I've seen both sides. The outcome of xtreme office camaraderie usually depends on the maturity of the couple and the professionalism of higher management.
 
The closest thing I've seen was for companies I worked for that had labs in the hinterlands actively recruit techie couples. Sciency types often marry peer cohorts (maybe not in the same company but in the same inbred circle). So, if you want to offer one of them a job, you have to offer them both jobs as there's nowhere nearby for the other scientist to find fulfilling jobs.

Kind of OT here, but I've seen this same thing. One of the funniest examples was at an interview of this incredibly geek scientist who was (don't ask me how it happened) married. The wife was actually fairly normal for being around such an out-there space cadet.

He showed up at his University Asst. Prof interview in t-shirt, shorts and flip flops and wore the SAME ONES all three days he was on campus. I kind of thought it was all an act, myself. His wife was along with him and continually prompted him on what his answer to various questions was as he had a tendency to just stare out the windows and forget to answer (maybe some kind of autism spectrum disorder). Again, I thought the whole "absent minded genius professor" thing was pretty much a gag.

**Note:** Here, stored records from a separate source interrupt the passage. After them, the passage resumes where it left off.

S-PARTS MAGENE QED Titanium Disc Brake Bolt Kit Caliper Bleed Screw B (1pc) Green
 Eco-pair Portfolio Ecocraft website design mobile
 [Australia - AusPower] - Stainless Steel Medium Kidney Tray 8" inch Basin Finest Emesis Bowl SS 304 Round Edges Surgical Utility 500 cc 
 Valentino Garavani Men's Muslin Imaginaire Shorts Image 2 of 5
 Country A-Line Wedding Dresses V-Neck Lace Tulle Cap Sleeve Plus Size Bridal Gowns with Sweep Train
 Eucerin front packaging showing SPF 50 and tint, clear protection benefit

Anyway, they offered him the job and her a job but they turned it down because she wasn't offered a good enough job. The truth was they didn't really want her at all, they just thought this egghead needed her around to interact with the world for him. Kind of hard to justify mega-bucks to somebody who's basically hired to keep the dude with his head up his sass from walking out in front of a bus.
 
Never dip your pen in the company ink. I have never had a husband/wife -boyfriend/girlfriend situation end well. I employee less than 15 people and it is minimum wage work.
 
I've always felt "never get your pleasure where you get your paycheck."

Plus, at work, I can be a slightly different person. I don't have to worry about saying something to my co-worker (or, in my case, my boss) that I wouldn't necessarily say to my girlfriend or wife (e.g venting about my significant other or a suggestive comment about another person.)